Re: DC Tesla Coil

From: 	Alfred C. Erpel[SMTP:aerpel-at-op-dot-net]
Sent: 	Saturday, January 03, 1998 9:03 PM
To: 	Tesla List
Subject: 	Re: DC Tesla Coil 

>From: Gomez[SMTP:gomez-at-netherworld-dot-com]
>Reply To: gomez-at-netherworld-dot-com
>Sent: Saturday, January 03, 1998 3:48 PM
>To: Tesla List
>Subject: Re: DC Tesla Coil
>Tesla List wrote:
>>     If my tank capacitor is charged with DC only, it seems to me that it
>> would be much easier to get a solid resonance occuring in the tank
>> with a fixed spark gap (well quenched).
>>     For instance, lets say my TC is resonant at 100 khz, it seems to me
>> all that is necessary to get a solid resonance is a fixed spark gap that
>> will quench and fire 100,000 times per second, and capacitor power supply
>> combination that exactly replenishs at this same rate.

>That just isn't going to happen.  In fact, when your spark gap fires, it
>_not_ quench and stop conducting with each cycle of the RF- in fact, you
>_want_ the spark gap to continue conducting for at least long enough to
>establish a "ringing" at the resonant frequency of your tank circuit.
>If all one had to do was bang the primary periodically and let the
>ring, we wouldn't need to make the tank resonant.  But in fact, RF
>resonance in the tank is the only efficient way to transfer energy into the

    Can you help me to understand how a spark gap which is probably closed
for several tens of cycles of the resonant frequency can be considered in
resonance?

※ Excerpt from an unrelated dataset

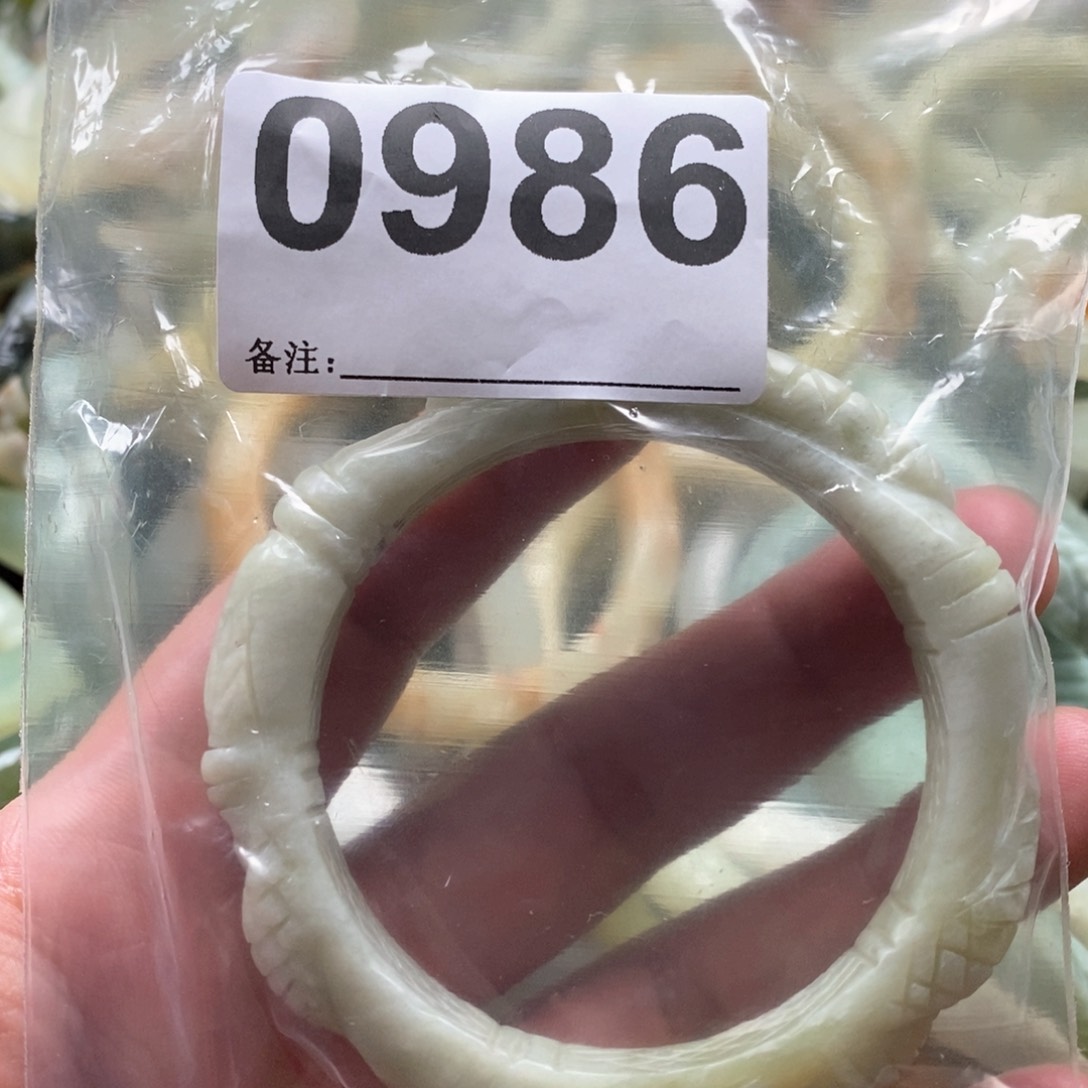 岫玉手镯未镶嵌手镯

And how is this different from periodically (and not at the
resonant frequency) *banging* the primary?

>>  DC avoids having to
>> have your spark synchronous with a (AC fed) capacitor that 60 times (USA
>> 60hz) every second has *no* charge on it.

>Have another look at the sine wave that you're feeding that cap.  The
>of time your cap has "no" charge on it, is almost infinitessimally small.

    There is a significant amount of time each 60th of a second when the
capacitor will be no where near its maximum charge.


>>  To get DC into the tank
>> capacitor, is it as simple as feeding rectified AC into your transformer?

>Um, last I checked, transformers steadfastly refused to operate on DC.  If
>you've got one that will, I will make you very, very rich!

        A chopped DC sine wave (that you get thru a rectifying bridge) fed
into a primary of a transformer will cause a constantly changing field that
should induce a similar wave form in the secondary.